## EXCERPTED RECORDS

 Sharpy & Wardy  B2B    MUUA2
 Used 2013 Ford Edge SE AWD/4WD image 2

==

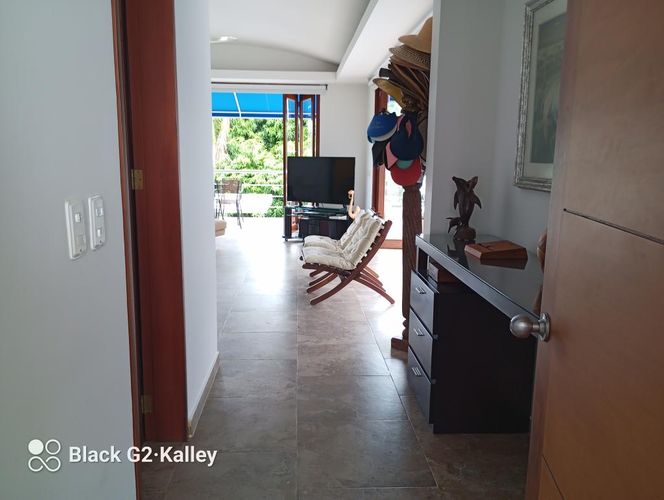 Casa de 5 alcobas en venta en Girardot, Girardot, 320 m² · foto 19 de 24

## WHAT TO PRODUCE
Beginning at the line with "Sharpy & Wardy" and stopping after the line with "Used 2013 Ford Edge SE AWD/4WD image 2", please write out every line of the data above exactly and nothing else.

## FINISHED TASK
 Sharpy & Wardy  B2B    MUUA2
 Used 2013 Ford Edge SE AWD/4WD image 2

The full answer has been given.